2. Description of the Prior Art
In its simplest expression the power output of a fossil fuel engine depends on the total mass flow of the reagents of combustion. Since the reaction typically includes one reagent carried as fuel, in the form of a liquid, such as gasolene, diesel fuel or other hydrocarbon derivative (including propane, natural gas, methanol products, and the like) it is the delivery of the other reagent, air, that forms the constraint on the stochiometric mass of the reagents. Accordingly, devices for enhancing the mass intake of ambient air into an internal combustion engine have had extensive development attention in the past.
Thus, for example, turbine driven compressors turbochargers!, shaft-driven compressors superchargers!, intake geometry, and other, similar techniques have been developed in the past, all with the purpose to increase the intake volume or mass. At the same time fuel delivery systems have been improved, including various forms of injection arrangements for maximum power.
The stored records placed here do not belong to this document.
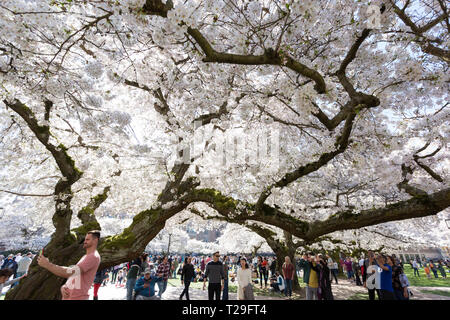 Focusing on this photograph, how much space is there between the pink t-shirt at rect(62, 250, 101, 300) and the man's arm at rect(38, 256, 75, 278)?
13 centimetres

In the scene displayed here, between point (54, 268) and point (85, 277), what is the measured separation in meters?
0.42

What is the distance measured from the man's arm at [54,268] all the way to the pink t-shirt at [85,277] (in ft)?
0.42

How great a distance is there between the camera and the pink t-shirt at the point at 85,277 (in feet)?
9.29

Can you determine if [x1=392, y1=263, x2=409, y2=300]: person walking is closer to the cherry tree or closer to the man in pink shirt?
the cherry tree

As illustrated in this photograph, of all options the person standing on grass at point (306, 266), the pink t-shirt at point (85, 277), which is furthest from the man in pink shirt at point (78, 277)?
the person standing on grass at point (306, 266)

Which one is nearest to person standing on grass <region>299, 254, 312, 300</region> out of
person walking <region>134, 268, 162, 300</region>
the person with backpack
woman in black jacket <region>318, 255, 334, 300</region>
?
woman in black jacket <region>318, 255, 334, 300</region>

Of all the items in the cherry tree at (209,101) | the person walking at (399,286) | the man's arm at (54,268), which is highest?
the cherry tree at (209,101)

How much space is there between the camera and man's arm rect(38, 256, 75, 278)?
254cm

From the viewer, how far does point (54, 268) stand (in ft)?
8.71

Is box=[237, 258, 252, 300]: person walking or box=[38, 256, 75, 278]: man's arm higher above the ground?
box=[38, 256, 75, 278]: man's arm

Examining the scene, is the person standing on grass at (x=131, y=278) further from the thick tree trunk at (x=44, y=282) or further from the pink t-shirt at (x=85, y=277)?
the pink t-shirt at (x=85, y=277)

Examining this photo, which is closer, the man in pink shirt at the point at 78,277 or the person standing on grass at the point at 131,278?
the man in pink shirt at the point at 78,277

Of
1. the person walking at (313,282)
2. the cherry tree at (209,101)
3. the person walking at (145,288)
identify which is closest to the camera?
the cherry tree at (209,101) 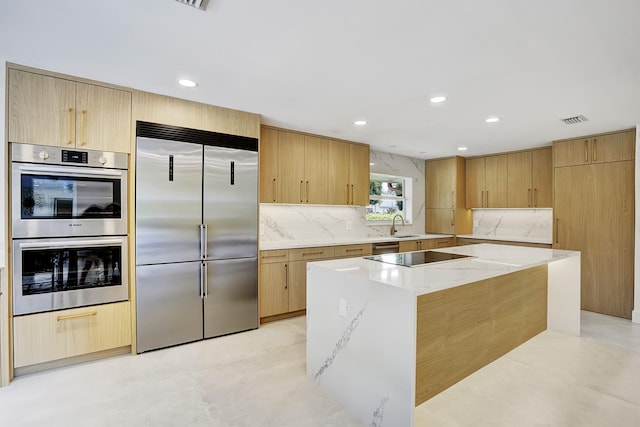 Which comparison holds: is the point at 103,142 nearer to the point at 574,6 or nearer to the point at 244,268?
the point at 244,268

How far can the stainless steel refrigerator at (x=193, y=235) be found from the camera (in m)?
2.89

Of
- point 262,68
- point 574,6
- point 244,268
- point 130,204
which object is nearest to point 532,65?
point 574,6

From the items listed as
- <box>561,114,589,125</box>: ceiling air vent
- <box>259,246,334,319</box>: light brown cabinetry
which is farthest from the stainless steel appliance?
<box>561,114,589,125</box>: ceiling air vent

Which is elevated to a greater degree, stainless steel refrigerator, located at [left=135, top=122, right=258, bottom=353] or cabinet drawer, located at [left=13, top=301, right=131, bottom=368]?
stainless steel refrigerator, located at [left=135, top=122, right=258, bottom=353]

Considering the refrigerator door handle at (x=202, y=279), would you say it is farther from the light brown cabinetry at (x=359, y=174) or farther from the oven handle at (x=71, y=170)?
the light brown cabinetry at (x=359, y=174)

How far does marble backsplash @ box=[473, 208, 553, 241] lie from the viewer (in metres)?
5.17

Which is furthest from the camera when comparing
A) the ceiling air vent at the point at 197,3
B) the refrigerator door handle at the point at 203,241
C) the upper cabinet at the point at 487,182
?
the upper cabinet at the point at 487,182

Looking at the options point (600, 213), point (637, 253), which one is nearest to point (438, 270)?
point (637, 253)

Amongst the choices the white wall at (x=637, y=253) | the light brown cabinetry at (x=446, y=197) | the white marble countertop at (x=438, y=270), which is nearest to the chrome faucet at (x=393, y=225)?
the light brown cabinetry at (x=446, y=197)

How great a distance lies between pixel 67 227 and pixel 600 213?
584 cm

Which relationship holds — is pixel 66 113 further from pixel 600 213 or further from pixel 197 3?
pixel 600 213

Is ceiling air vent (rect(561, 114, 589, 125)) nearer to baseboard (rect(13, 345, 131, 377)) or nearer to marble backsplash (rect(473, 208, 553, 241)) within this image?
marble backsplash (rect(473, 208, 553, 241))

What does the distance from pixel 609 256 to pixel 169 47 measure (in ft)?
17.3

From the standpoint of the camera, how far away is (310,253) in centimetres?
399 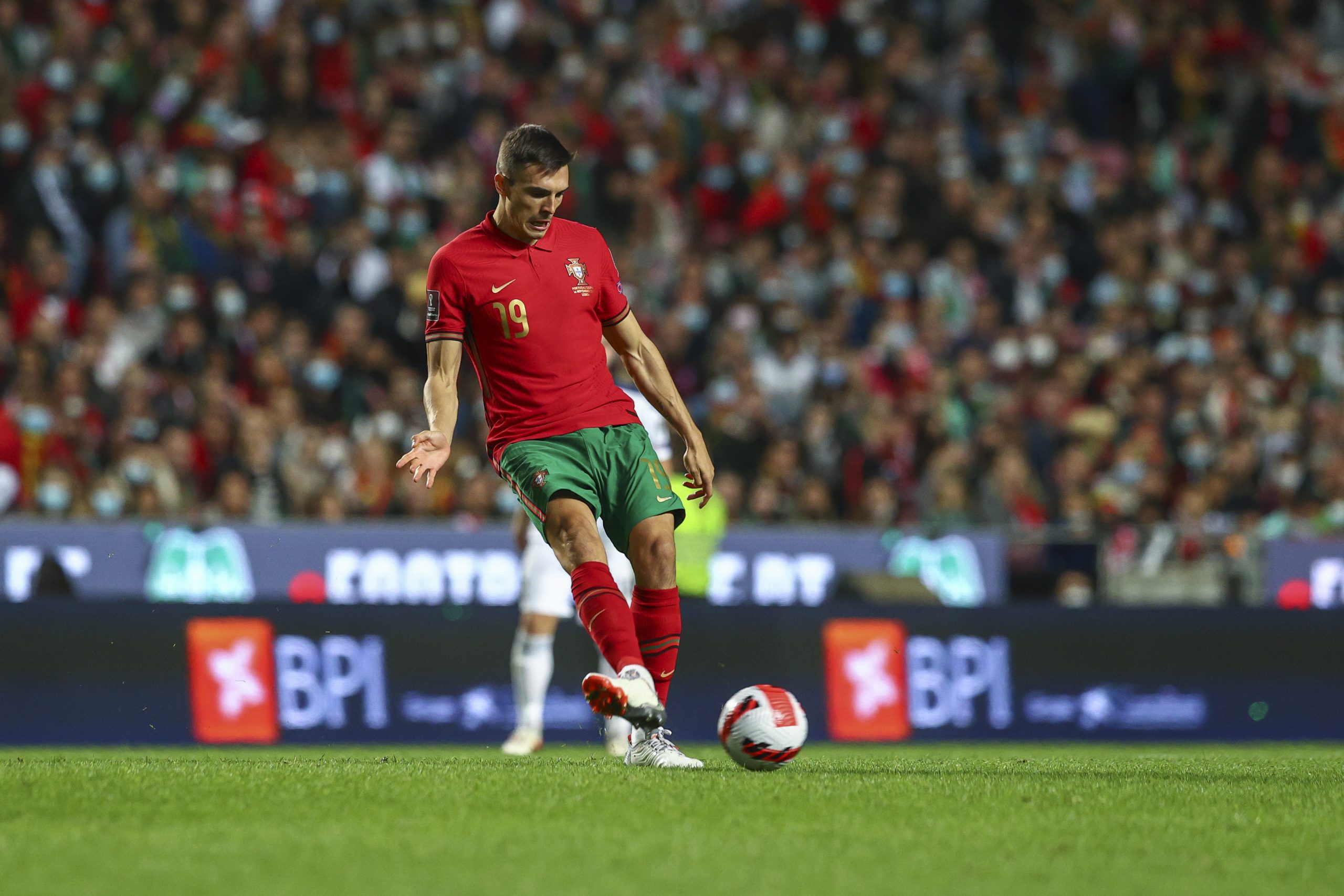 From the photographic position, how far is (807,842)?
4.64m

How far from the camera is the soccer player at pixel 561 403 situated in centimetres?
630

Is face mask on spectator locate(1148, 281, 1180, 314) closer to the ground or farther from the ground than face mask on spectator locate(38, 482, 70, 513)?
farther from the ground

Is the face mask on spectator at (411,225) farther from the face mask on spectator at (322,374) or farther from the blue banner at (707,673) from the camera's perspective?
the blue banner at (707,673)

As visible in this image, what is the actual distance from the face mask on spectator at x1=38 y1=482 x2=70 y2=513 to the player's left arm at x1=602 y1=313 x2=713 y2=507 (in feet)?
22.2

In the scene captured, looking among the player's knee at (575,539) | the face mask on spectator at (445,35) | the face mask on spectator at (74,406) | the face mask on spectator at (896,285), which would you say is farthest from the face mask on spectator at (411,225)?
the player's knee at (575,539)

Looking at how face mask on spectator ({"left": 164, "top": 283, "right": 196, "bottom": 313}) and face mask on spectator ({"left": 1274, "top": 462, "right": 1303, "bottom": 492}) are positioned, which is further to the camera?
face mask on spectator ({"left": 1274, "top": 462, "right": 1303, "bottom": 492})

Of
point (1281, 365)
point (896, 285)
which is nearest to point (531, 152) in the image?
point (896, 285)

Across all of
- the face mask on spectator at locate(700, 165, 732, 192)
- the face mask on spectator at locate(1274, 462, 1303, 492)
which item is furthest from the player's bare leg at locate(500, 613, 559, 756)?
the face mask on spectator at locate(700, 165, 732, 192)

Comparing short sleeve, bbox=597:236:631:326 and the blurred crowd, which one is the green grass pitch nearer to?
short sleeve, bbox=597:236:631:326

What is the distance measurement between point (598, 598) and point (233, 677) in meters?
5.24

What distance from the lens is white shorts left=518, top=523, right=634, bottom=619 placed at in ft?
30.5

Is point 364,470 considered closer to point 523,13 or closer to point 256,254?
point 256,254

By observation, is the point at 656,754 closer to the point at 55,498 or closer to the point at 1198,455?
the point at 55,498

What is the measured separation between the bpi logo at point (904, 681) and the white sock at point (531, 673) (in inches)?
103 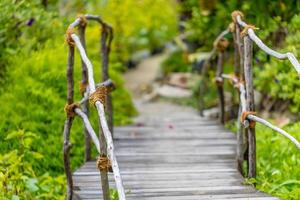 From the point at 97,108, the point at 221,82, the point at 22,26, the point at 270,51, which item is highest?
the point at 22,26

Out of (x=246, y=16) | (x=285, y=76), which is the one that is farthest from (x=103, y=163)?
(x=246, y=16)

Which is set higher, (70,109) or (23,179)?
(70,109)

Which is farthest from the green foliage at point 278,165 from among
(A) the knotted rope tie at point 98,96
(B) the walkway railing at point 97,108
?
(A) the knotted rope tie at point 98,96

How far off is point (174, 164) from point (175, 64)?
6.69 m

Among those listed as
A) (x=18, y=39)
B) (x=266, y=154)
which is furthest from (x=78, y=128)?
(x=266, y=154)

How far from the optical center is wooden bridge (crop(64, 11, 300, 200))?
143 inches

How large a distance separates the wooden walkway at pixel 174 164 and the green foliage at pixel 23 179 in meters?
0.25

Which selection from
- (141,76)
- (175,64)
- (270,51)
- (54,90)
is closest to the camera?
(270,51)

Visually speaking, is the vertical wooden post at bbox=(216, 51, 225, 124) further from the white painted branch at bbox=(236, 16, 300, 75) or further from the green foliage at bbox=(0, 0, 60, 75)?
the green foliage at bbox=(0, 0, 60, 75)

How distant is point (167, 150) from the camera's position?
5.34 m

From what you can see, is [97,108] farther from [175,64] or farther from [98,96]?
[175,64]

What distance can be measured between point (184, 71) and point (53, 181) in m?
6.58

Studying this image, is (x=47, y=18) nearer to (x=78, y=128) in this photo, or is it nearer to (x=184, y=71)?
(x=78, y=128)

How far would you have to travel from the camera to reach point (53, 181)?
4.73 metres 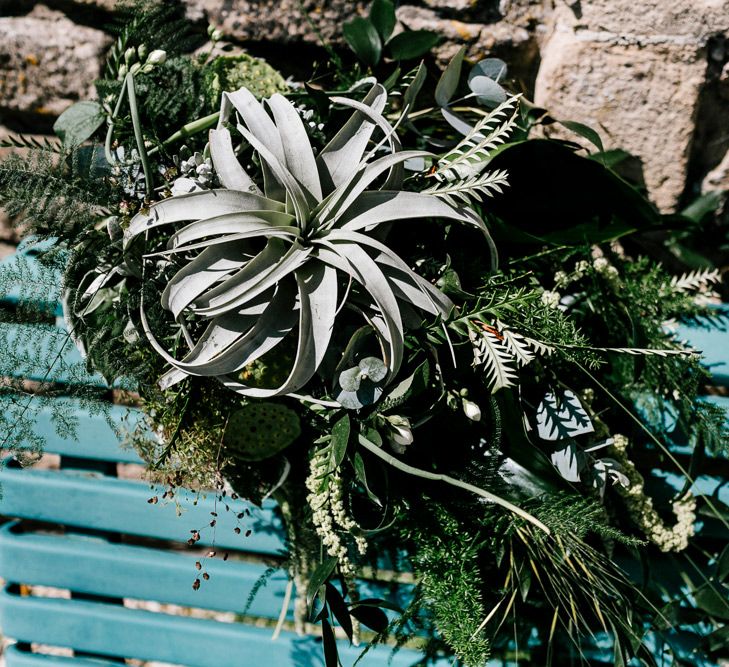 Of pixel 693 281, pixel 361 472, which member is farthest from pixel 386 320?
pixel 693 281

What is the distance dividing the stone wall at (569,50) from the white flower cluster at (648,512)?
0.42m

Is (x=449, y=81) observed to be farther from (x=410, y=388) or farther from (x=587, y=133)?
(x=410, y=388)

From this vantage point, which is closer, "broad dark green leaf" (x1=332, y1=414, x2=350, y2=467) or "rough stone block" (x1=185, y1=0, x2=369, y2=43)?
"broad dark green leaf" (x1=332, y1=414, x2=350, y2=467)

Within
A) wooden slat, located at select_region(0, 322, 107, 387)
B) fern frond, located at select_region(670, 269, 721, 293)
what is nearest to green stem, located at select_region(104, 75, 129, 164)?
wooden slat, located at select_region(0, 322, 107, 387)

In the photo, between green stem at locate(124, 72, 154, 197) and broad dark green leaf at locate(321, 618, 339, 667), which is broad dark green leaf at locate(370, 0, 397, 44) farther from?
broad dark green leaf at locate(321, 618, 339, 667)

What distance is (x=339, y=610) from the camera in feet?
2.92

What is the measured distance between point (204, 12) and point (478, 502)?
819 mm

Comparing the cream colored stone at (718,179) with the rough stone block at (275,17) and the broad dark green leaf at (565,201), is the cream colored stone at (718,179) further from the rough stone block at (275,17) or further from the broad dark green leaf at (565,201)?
the rough stone block at (275,17)

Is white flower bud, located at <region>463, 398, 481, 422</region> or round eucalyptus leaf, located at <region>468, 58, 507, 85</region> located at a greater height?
round eucalyptus leaf, located at <region>468, 58, 507, 85</region>

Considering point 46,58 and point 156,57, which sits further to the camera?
point 46,58

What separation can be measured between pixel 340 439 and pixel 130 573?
1.92 feet

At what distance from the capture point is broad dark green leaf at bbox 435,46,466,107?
0.88 metres

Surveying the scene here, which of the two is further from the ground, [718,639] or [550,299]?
[550,299]

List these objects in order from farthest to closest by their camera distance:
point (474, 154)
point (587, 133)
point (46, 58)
A: point (46, 58)
point (587, 133)
point (474, 154) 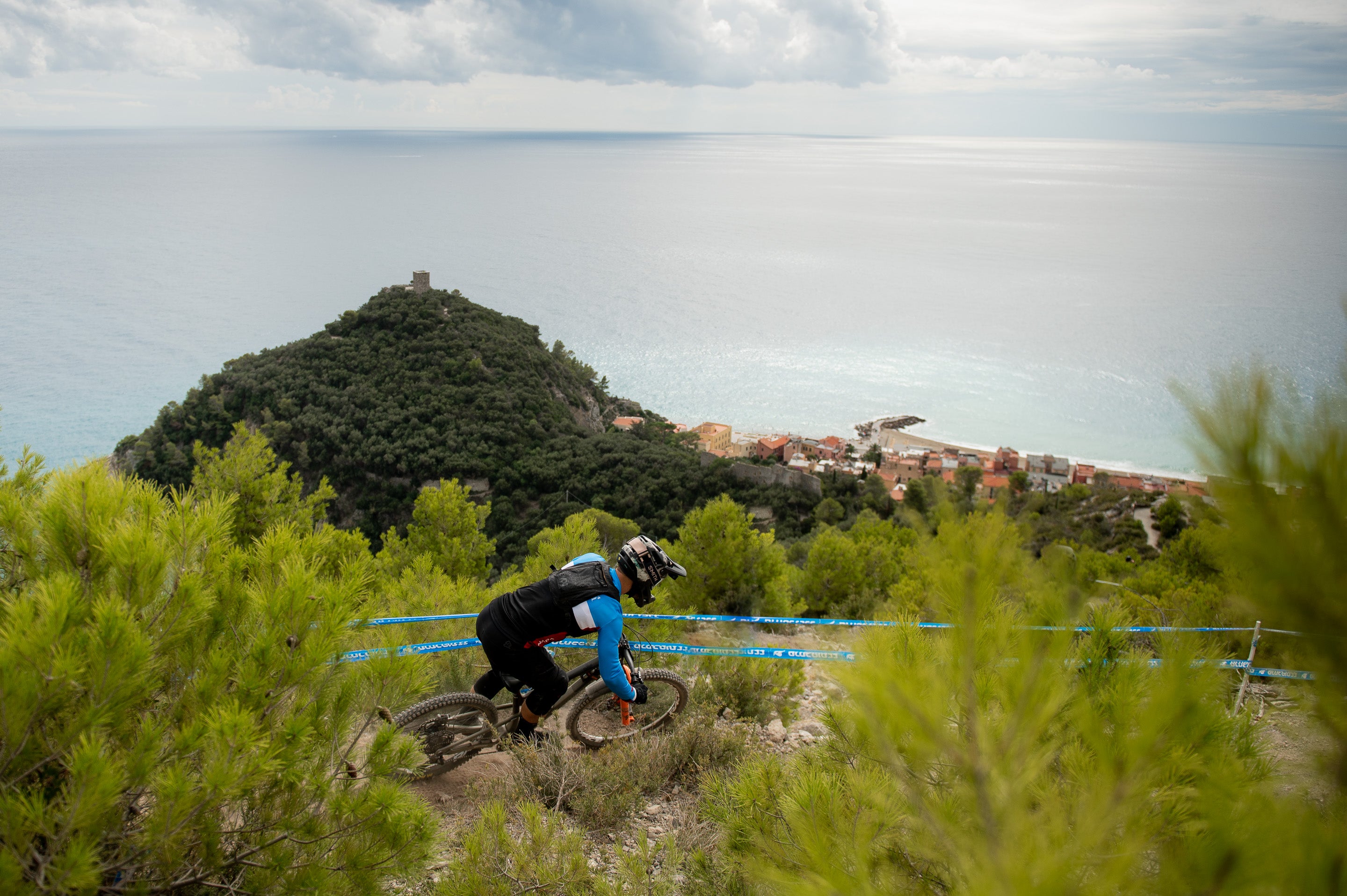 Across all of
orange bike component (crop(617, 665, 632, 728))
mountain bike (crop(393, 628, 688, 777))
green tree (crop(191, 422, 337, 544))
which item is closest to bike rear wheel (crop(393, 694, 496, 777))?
mountain bike (crop(393, 628, 688, 777))

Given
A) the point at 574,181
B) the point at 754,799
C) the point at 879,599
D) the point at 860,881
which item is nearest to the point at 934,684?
the point at 860,881

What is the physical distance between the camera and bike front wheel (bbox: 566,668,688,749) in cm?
418

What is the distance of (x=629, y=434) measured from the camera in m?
38.9

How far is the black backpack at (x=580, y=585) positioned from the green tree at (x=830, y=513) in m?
25.3

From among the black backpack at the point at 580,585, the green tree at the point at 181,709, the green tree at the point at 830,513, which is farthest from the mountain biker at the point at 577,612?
the green tree at the point at 830,513

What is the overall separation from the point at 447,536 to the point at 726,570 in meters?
4.80

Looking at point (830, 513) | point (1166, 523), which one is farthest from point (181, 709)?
point (830, 513)

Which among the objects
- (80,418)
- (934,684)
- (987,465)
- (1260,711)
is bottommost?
(987,465)

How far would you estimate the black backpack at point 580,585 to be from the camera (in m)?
3.60

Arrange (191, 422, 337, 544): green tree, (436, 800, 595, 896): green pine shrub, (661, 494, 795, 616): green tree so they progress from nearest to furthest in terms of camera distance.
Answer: (436, 800, 595, 896): green pine shrub < (661, 494, 795, 616): green tree < (191, 422, 337, 544): green tree

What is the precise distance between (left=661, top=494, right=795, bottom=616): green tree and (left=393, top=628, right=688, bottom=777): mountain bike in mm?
2824

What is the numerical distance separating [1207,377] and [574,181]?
183 m

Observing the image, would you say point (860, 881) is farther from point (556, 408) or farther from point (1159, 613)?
point (556, 408)

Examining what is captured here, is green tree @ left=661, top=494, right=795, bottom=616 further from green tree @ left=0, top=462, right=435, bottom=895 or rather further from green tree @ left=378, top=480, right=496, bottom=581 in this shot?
green tree @ left=0, top=462, right=435, bottom=895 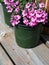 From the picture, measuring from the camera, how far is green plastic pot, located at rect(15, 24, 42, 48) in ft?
7.38

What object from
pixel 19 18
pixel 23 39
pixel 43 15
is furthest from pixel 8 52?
pixel 43 15

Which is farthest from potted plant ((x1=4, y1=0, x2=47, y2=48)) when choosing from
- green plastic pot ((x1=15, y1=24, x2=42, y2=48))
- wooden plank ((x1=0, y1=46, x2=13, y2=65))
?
wooden plank ((x1=0, y1=46, x2=13, y2=65))

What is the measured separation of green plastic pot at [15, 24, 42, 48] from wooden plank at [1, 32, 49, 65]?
0.19ft

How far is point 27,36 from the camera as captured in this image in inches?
90.4

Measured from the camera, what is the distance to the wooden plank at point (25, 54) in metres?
2.24

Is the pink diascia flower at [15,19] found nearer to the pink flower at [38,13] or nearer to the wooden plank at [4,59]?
the pink flower at [38,13]

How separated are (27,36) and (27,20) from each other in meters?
0.19

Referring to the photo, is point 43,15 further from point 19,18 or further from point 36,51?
point 36,51

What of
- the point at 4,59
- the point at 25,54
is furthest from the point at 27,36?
the point at 4,59

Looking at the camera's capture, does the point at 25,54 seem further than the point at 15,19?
Yes

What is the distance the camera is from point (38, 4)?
234 centimetres

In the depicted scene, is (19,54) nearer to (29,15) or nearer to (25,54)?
(25,54)

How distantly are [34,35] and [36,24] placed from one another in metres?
0.15

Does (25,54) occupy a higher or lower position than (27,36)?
lower
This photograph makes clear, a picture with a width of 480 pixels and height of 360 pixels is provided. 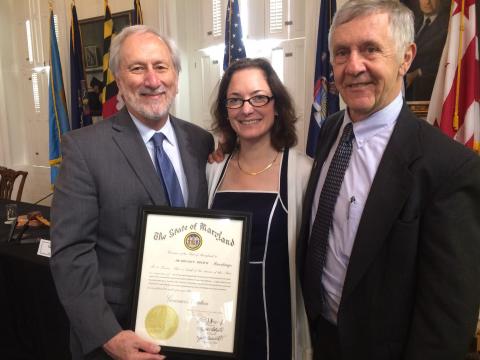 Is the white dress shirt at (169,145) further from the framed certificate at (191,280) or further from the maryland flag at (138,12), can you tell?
the maryland flag at (138,12)

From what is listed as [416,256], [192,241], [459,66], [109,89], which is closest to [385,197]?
[416,256]

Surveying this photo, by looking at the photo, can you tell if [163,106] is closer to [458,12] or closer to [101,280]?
[101,280]

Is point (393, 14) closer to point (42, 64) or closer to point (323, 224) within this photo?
point (323, 224)

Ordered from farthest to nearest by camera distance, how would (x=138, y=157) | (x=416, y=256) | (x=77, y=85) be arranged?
(x=77, y=85), (x=138, y=157), (x=416, y=256)

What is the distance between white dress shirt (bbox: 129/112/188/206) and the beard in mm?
48

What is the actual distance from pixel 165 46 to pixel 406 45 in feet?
3.09

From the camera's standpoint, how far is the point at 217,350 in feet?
4.18

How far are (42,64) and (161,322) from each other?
615 cm

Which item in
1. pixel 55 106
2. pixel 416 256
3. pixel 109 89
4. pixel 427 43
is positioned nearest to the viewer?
pixel 416 256

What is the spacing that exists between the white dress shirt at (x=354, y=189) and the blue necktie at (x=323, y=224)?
0.02 meters

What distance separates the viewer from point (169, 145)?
1.61 m

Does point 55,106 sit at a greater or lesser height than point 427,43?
lesser

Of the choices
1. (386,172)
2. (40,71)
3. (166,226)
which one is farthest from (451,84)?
(40,71)

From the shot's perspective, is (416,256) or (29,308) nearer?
(416,256) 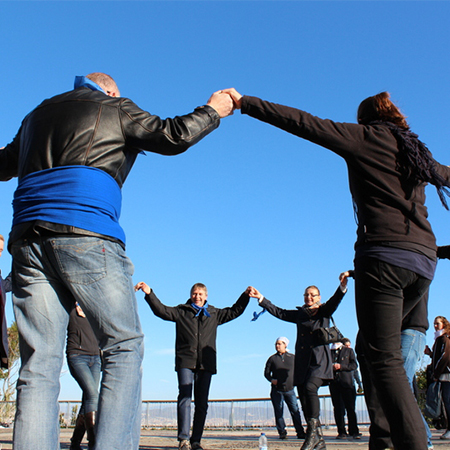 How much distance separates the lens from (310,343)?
855 centimetres

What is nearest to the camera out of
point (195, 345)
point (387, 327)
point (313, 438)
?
point (387, 327)

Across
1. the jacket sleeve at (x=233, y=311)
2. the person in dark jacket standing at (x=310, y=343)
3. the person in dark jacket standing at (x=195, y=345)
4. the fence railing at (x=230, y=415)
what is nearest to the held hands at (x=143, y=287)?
the person in dark jacket standing at (x=195, y=345)

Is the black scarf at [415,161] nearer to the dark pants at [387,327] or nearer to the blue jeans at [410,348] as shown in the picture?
the dark pants at [387,327]

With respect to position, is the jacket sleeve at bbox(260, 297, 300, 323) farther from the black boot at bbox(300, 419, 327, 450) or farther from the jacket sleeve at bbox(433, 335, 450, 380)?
the jacket sleeve at bbox(433, 335, 450, 380)

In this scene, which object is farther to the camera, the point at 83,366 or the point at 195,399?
the point at 195,399

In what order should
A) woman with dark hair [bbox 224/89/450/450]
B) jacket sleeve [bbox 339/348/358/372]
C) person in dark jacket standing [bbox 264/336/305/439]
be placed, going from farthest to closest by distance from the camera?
person in dark jacket standing [bbox 264/336/305/439], jacket sleeve [bbox 339/348/358/372], woman with dark hair [bbox 224/89/450/450]

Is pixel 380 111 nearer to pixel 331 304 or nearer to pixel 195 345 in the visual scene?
pixel 331 304

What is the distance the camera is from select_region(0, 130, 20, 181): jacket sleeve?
3666 mm

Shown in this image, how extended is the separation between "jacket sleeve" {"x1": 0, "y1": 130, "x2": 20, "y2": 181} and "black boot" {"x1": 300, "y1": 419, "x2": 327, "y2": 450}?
482 centimetres

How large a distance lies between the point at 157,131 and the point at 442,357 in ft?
29.8

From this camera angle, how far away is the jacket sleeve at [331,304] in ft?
26.4

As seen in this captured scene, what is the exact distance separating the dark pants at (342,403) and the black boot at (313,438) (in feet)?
17.0

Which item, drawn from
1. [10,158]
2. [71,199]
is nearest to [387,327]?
[71,199]

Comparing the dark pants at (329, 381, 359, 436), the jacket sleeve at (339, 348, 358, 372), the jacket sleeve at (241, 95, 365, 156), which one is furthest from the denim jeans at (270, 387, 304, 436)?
the jacket sleeve at (241, 95, 365, 156)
Along with these developments, techniques have been devised to introduce catalyst traces into the intake flow such as those described in U.S. Pat. No. 5,312,566 to Carroll, et al and U.S. Pat. No. 4,475,483 to Robinson. While suitable for the purposes intended each of the foregoing examples introduces a further consumable, like diluted platinum chloride in the Carroll patent, to the combustion process along with the inherent replenishment tasks. Moreover, catalytic fractioning of the hydrocarbon molecule, while an effective mechanism for increasing the specific energy output of the fuel, fails to correct the typical deficit of the atmospheric reagent and the consequent emissions of incomplete combustion products. As result the primary concern today is over the quality of the exhaust, particularly focused by the excessive emission like carbon monoxide CO!, nitrous oxide NOX!, and hydrocarbon products HC!, and the several known combinations thereof.
Thus it is the concern over oxygen starved or incomplete reactions that is at the center of current focus. These reactions, in a typical internal combustion engine, depend on two effects, one determined by the air volume delivered and the second by the breakdown potential across the terminals of a spark plug. Of further significance, however, is the current practice of feeding airborne oxygen into the exhaust stream as a technique for reducing the unwanted emission of unburnt combustion reagents. Like the combustion process itself, these reagents in the exhaust stream benefit from promoted oxidation.
Combustion of exhaust gases or fuel in any closed cavity involves several combined effects. A correct balance of reagents needs to exist in the chamber, mixed with sufficient vigor to produce full combustion within the time interval defined by the gas exchange, otherwise referred to as flame front propagation, that is reliably ignited. Of these effects the latter two depend greatly on the state of ionization of the mixed gases, and pre-ionizing the air stream improves both these effects.
More importantly, ionozing the oxygen portion of the air stream results in ozone products O3!, increasing the mass density of the oxygen in the stream. Thus in limited physics ozone will increase the mass of oxygen available for combustion. Thus ionization of the intake air obtains a variety of desired effects, and convenient ionization techniques are extensively sought. It is one such technique that is disclosed herein.